▶ ACTION ITEM
Up to and including the line with "FUNSTUFFPRINT Alpaca Pattern", restate the records below word for word, beginning with their first line.

▶ INPUT
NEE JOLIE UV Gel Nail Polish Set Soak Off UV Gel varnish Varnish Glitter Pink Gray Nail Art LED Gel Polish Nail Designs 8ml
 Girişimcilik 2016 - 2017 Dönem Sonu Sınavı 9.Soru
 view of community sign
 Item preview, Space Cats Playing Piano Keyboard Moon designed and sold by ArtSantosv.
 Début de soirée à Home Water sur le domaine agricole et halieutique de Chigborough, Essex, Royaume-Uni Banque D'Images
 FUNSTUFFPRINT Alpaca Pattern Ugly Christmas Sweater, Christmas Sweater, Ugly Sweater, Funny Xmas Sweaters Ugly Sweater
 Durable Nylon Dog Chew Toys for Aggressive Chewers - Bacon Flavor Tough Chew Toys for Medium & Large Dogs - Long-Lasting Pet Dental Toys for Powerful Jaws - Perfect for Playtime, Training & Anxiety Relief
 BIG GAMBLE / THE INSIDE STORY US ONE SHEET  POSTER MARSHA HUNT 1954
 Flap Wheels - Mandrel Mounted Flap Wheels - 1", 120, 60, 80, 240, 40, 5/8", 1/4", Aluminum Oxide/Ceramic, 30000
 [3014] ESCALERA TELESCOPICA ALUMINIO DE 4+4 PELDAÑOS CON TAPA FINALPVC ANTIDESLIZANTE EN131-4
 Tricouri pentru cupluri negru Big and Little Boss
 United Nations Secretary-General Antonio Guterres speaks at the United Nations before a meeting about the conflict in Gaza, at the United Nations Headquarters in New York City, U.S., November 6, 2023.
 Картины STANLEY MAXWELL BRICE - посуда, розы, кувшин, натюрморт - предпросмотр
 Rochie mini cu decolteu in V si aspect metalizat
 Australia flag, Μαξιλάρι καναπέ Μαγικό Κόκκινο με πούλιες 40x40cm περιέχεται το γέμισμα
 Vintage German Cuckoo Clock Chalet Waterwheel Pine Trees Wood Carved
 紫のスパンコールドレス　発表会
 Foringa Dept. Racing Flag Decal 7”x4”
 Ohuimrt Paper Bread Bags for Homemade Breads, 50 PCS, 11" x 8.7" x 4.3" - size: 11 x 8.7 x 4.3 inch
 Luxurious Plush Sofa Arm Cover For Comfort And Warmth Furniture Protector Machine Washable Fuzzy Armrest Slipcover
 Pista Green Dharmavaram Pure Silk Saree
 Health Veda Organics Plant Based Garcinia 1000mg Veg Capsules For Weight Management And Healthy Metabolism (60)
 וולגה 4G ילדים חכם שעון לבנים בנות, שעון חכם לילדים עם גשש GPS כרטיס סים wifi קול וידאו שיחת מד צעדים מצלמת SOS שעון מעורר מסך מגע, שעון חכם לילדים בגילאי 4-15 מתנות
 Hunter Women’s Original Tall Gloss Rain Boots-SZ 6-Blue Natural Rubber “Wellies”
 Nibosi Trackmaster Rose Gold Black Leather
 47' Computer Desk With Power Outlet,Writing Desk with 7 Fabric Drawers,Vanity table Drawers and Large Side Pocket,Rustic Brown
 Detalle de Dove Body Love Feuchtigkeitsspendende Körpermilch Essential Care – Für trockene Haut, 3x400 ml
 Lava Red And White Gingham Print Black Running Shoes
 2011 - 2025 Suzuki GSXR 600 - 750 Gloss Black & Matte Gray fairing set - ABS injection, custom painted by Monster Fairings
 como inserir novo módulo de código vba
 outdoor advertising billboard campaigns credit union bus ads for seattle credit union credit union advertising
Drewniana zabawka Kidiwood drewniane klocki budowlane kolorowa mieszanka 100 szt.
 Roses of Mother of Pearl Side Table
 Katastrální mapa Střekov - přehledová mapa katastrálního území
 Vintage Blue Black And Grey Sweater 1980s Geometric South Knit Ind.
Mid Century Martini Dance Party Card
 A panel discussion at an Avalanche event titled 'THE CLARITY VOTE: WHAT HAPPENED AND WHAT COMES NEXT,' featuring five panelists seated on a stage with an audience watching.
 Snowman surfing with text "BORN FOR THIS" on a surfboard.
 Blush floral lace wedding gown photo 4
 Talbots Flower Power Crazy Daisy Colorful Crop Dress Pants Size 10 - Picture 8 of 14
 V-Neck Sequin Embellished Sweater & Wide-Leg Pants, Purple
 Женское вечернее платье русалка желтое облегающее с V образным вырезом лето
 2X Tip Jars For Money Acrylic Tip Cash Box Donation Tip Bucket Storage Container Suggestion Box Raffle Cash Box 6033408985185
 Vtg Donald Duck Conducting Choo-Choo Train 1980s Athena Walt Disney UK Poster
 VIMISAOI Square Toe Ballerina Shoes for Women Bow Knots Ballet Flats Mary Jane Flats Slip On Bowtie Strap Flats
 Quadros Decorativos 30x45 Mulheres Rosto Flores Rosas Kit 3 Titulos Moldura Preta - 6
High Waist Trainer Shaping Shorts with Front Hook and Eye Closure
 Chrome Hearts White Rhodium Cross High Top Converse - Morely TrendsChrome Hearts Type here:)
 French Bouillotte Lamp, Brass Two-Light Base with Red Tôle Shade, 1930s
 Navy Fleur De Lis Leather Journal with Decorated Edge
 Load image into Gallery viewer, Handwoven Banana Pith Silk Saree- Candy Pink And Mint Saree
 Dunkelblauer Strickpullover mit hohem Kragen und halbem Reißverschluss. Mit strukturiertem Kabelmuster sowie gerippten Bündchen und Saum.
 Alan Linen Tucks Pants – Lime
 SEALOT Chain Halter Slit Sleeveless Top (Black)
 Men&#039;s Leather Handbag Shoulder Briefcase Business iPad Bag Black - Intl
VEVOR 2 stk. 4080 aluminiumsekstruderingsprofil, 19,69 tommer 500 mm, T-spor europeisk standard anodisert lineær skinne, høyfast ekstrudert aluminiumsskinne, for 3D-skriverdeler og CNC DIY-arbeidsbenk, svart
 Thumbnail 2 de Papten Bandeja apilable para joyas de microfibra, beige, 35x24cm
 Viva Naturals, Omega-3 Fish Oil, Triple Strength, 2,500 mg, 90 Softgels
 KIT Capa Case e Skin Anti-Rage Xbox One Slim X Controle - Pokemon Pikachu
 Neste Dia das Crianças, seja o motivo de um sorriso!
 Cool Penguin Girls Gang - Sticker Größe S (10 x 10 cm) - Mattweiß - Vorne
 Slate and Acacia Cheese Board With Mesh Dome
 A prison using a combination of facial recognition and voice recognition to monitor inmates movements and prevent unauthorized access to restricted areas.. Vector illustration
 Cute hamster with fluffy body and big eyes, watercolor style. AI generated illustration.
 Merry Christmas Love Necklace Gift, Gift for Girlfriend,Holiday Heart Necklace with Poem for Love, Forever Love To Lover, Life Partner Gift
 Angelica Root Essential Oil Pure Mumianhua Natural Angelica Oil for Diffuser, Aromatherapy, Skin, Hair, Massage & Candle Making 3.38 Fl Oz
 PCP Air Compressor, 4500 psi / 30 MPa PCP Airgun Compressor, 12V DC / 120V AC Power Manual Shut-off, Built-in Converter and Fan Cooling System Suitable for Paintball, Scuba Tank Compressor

▶ RESPONSE TO THE TASK
NEE JOLIE UV Gel Nail Polish Set Soak Off UV Gel varnish Varnish Glitter Pink Gray Nail Art LED Gel Polish Nail Designs 8ml
 Girişimcilik 2016 - 2017 Dönem Sonu Sınavı 9.Soru
 view of community sign
 Item preview, Space Cats Playing Piano Keyboard Moon designed and sold by ArtSantosv.
 Début de soirée à Home Water sur le domaine agricole et halieutique de Chigborough, Essex, Royaume-Uni Banque D'Images
 FUNSTUFFPRINT Alpaca Pattern Ugly Christmas Sweater, Christmas Sweater, Ugly Sweater, Funny Xmas Sweaters Ugly Sweater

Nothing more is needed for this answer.